<<<<

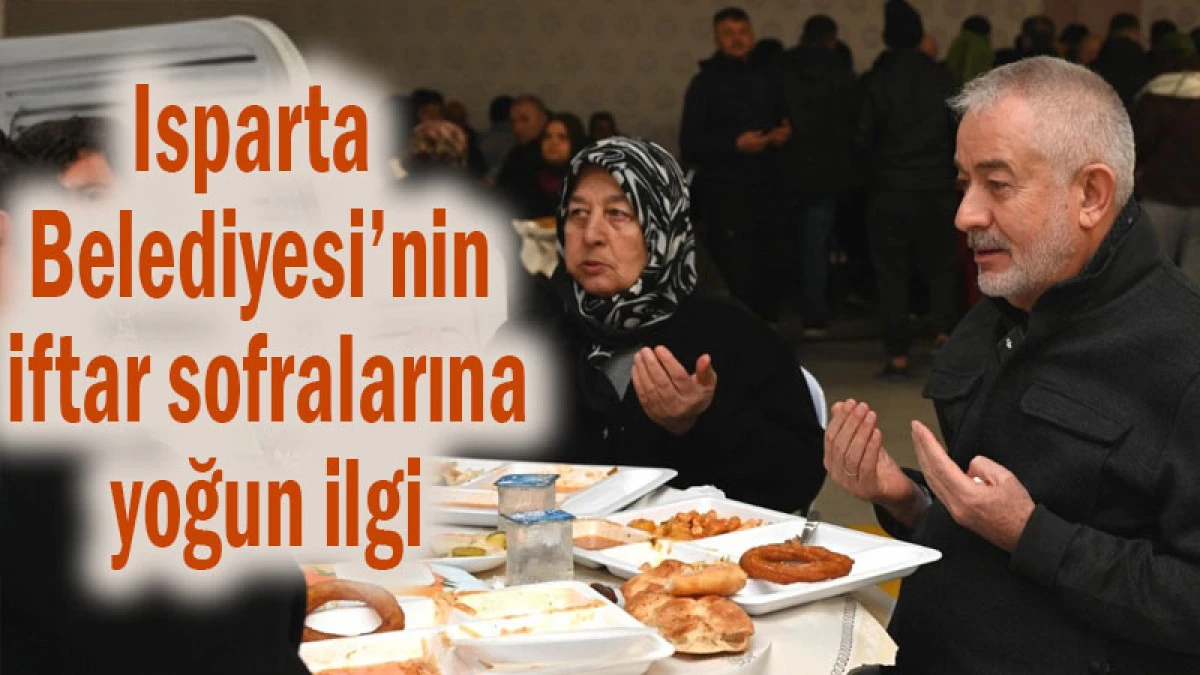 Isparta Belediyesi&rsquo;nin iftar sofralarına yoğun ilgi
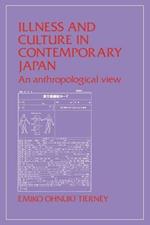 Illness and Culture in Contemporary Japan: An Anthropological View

>>>>
<<<<

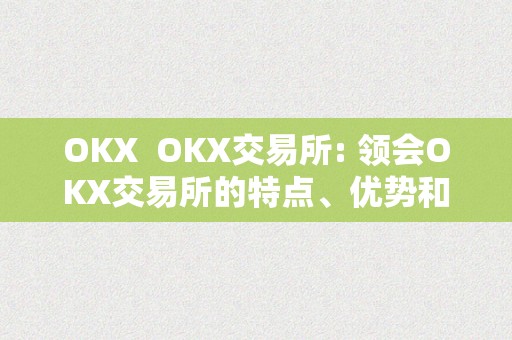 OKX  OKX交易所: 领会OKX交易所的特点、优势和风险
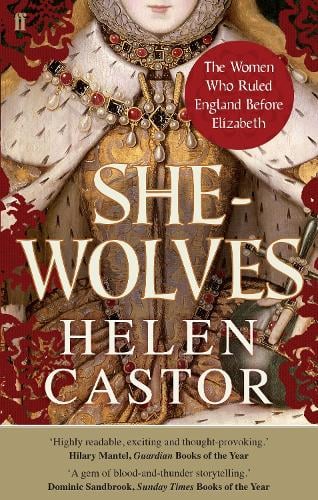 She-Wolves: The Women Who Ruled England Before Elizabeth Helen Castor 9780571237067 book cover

>>>>
<<<<

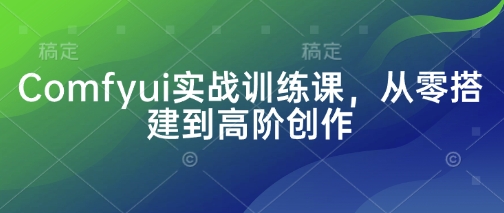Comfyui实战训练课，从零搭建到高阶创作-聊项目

>>>>

▶ _WHAT TO PRODUCE_
In the records above, find the line with "Isparta Belediyesi&rsquo;nin iftar" and the line with "Illness and Culture"; please transcribe exactly those two lines and all lines between them, omitting any picture.

▶ _FINISHED TASK_
 Isparta Belediyesi&rsquo;nin iftar sofralarına yoğun ilgi
 Illness and Culture in Contemporary Japan: An Anthropological View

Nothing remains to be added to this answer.